▶ [About this task]
Give again the lines of the data from its first line through the line with "Student Empathy Map". Change nothing.

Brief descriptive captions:
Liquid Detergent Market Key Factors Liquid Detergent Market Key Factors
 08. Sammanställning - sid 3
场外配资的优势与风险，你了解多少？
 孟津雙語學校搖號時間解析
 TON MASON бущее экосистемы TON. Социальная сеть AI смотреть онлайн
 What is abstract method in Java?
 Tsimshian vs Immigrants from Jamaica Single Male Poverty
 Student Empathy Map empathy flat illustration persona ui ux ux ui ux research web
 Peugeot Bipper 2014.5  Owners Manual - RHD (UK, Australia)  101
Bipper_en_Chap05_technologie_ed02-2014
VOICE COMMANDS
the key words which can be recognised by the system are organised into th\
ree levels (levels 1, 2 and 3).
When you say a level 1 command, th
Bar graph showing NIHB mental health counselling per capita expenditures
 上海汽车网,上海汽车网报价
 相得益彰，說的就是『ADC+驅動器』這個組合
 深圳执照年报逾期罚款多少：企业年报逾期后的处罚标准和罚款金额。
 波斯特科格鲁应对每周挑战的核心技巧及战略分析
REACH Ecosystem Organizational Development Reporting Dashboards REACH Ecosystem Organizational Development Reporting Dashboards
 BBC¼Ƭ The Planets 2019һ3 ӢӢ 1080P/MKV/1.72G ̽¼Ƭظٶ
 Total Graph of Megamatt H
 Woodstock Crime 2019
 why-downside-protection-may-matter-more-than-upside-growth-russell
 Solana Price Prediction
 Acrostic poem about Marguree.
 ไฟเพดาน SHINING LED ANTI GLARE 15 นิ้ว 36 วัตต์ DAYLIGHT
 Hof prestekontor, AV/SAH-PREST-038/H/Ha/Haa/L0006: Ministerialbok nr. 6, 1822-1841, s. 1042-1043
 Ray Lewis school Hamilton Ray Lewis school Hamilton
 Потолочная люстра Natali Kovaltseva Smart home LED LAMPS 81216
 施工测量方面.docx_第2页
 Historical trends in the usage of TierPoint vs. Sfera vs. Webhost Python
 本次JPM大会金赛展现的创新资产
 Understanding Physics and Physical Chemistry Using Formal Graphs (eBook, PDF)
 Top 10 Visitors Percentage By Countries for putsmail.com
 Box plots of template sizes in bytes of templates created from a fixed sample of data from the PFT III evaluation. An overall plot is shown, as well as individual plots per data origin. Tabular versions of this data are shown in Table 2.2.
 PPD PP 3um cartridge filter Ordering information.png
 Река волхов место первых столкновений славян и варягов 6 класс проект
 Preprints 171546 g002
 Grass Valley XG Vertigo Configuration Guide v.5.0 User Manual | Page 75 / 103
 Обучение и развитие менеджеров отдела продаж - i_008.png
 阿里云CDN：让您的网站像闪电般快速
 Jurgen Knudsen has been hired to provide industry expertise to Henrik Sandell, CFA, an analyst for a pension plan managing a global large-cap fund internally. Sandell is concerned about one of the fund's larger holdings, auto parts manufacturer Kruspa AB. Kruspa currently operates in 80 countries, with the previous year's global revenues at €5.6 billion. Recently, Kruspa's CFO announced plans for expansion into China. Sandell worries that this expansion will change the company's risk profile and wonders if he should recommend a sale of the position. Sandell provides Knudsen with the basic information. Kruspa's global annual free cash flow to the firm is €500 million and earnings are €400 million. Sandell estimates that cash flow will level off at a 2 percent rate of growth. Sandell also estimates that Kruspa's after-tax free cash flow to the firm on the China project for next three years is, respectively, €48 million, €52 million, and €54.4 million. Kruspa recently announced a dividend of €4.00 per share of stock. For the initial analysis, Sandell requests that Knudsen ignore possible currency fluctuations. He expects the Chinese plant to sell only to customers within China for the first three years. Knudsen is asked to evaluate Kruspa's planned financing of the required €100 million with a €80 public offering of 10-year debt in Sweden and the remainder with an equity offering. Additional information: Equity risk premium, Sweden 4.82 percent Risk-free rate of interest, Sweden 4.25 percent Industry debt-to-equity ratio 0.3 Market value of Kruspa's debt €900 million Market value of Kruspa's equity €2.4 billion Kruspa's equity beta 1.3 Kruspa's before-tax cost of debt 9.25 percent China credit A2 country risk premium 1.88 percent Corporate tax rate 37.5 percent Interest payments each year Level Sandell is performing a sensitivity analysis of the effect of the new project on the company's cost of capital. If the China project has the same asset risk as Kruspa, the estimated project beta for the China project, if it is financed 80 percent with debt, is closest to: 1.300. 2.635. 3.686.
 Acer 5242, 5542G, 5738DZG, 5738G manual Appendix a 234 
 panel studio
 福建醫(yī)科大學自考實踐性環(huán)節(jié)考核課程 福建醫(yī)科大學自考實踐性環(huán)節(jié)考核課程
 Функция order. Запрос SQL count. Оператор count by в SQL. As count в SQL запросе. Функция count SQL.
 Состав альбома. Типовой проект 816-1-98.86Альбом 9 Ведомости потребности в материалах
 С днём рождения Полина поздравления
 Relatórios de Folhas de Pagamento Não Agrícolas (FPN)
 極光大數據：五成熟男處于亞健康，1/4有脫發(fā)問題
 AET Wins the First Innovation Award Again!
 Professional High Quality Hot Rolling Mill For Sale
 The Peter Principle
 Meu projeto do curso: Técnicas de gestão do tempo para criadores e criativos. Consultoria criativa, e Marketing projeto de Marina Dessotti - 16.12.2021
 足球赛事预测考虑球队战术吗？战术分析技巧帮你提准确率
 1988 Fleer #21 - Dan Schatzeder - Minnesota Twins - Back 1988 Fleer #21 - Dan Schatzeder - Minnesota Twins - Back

▶ [Exercise answer]
Liquid Detergent Market Key Factors Liquid Detergent Market Key Factors
 08. Sammanställning - sid 3
场外配资的优势与风险，你了解多少？
 孟津雙語學校搖號時間解析
 TON MASON бущее экосистемы TON. Социальная сеть AI смотреть онлайн
 What is abstract method in Java?
 Tsimshian vs Immigrants from Jamaica Single Male Poverty
 Student Empathy Map empathy flat illustration persona ui ux ux ui ux research web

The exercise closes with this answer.